(Saved entries)
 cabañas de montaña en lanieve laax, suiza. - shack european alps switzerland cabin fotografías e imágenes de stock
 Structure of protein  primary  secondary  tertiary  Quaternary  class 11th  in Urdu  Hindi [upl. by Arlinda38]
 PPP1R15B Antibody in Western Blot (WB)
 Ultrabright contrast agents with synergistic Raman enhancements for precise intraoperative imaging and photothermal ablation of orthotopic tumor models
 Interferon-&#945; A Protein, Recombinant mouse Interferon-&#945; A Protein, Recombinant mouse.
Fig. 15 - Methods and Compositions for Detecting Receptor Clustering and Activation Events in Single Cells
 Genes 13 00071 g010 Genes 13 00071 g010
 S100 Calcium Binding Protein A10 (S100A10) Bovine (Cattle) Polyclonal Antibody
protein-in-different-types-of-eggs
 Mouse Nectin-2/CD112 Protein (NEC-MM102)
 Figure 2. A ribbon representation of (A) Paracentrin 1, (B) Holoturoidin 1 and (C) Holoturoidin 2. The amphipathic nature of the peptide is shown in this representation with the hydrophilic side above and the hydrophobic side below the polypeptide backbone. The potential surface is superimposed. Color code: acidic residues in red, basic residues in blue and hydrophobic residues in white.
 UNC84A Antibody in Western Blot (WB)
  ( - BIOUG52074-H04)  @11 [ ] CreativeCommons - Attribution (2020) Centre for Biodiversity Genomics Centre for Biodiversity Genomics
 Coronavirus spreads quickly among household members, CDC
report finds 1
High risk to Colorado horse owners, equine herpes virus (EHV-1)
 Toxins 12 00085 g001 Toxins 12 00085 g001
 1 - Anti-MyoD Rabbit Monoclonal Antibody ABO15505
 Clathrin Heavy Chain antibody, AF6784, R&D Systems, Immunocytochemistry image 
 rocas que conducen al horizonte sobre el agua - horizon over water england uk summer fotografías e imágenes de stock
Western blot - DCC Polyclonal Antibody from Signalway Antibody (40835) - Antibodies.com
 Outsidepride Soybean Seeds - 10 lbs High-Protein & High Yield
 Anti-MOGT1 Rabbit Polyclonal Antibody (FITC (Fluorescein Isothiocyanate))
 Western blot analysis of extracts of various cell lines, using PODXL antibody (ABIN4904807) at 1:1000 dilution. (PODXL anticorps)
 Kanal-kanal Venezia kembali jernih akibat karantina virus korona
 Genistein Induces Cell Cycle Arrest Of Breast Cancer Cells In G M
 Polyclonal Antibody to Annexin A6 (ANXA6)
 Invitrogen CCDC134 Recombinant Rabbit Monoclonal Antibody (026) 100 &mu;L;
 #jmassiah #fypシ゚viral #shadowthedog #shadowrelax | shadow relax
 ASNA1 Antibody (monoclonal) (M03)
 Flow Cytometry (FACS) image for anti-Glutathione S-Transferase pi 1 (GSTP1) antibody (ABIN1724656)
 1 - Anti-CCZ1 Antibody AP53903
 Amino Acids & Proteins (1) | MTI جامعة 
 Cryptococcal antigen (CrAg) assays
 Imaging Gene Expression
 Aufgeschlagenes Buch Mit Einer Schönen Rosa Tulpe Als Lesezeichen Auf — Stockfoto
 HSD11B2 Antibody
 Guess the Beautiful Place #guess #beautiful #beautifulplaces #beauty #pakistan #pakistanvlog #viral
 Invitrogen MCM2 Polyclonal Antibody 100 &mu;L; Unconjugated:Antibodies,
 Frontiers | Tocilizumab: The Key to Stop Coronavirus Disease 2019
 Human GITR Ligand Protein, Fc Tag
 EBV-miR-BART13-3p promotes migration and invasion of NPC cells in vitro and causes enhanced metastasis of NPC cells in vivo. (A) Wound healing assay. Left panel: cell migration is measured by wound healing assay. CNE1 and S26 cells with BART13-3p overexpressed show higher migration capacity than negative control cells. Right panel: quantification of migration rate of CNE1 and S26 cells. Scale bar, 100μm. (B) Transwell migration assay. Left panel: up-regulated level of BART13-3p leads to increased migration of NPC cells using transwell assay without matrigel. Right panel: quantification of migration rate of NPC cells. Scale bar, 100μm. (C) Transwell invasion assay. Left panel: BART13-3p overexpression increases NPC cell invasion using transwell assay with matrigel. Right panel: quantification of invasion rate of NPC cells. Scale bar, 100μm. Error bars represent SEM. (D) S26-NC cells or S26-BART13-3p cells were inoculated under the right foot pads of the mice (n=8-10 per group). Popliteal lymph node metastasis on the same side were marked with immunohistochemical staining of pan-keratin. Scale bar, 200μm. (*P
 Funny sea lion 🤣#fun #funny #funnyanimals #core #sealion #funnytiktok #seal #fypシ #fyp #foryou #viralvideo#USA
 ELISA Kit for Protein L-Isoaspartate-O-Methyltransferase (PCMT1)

• [EXERCISE REQUIREMENTS]
All lines with the word "image" must be located in the data and copied.

• [ANSWER TO THE PROBLEM]
 Clathrin Heavy Chain antibody, AF6784, R&D Systems, Immunocytochemistry image 
 Flow Cytometry (FACS) image for anti-Glutathione S-Transferase pi 1 (GSTP1) antibody (ABIN1724656)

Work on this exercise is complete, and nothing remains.